Volume 272 Issue May 2018

By Simona Negrini and Arnold von Eckardstein (Editor–in-Chief).

Hypertriglyceridemia, hyperglycemia and hyperuricemia are frequently found in patients with manifest atherosclerotic cardiovascular disease or asymptomatic individuals who will develop ASCVD later in life. However, because of their mutual confounding and their association with many other risk factors, there has been a long controversy on their causal role in the pathogenesis of ASCVD. Data from recent Mendelian randomization studies or randomized intervention studies provide some evidence for causality at least for triglyceride-rich lipoproteins and hyperglycemia. This issue of Atherosclerosis provides several review articles and original reports addressing this interesting topic.

Issue highlights


    Highlighted articles

    Treatment patterns in hyperlipidaemia patients based on administrative claim databases in Japan

    Hyperlipidaemia (HLD) or hyperlipoproteinaemia is defined as an abnormally elevated level of any or all lipids and/or lipoproteins in the blood. HLD increases the risk of atherosclerotic cardiovascular disease (CVD), especially coronary artery disease, and is a major contributor to increased mortality. Real-world evidence on treatment of hyperlipidaemia (HLD) in Japan is limited.
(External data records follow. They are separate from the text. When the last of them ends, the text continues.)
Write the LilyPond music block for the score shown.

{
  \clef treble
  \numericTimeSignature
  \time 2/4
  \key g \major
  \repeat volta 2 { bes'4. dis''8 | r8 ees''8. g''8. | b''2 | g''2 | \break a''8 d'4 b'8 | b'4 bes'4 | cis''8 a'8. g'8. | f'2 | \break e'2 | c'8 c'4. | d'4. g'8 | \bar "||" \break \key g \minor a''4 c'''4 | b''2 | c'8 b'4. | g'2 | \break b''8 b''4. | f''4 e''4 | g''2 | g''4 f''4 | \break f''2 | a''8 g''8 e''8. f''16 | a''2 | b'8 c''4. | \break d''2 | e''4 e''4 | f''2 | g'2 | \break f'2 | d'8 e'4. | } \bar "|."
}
    In this observational cohort study, Wake et al. aimed to describe treatment patterns, persistence with, and adherence to treatment in Japanese patients with HLD.
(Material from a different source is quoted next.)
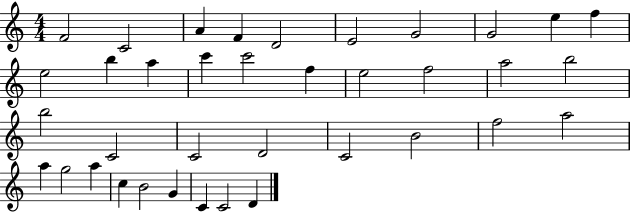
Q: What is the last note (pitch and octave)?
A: D4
    Retrospective analyses of adult HLD patients receiving drug therapy in 2014–2015 were conducted using the Japan Medical Data Center (JMDC) and Medical Data Vision (MDV) databases. Data were analyzed for >100,000 untreated (UT) and previously treated (PT) patients (defined based on their HLD treatment history) followed for at least 12 months. Outcomes of interest included prescribing patterns of HLD drug classes, persistence with treatment at 12 months, and adherence to treatment.

    First-line HLD prescriptions for UT patients were predominantly for moderate statins while PT patients most commonly received combination therapy. Approximately half of the UT patients discontinued treatment during observation. Within each cohort, persistence rates were lower in UT patients than in PT patients. Adherence was ≥80% across almost all HLD drug classes.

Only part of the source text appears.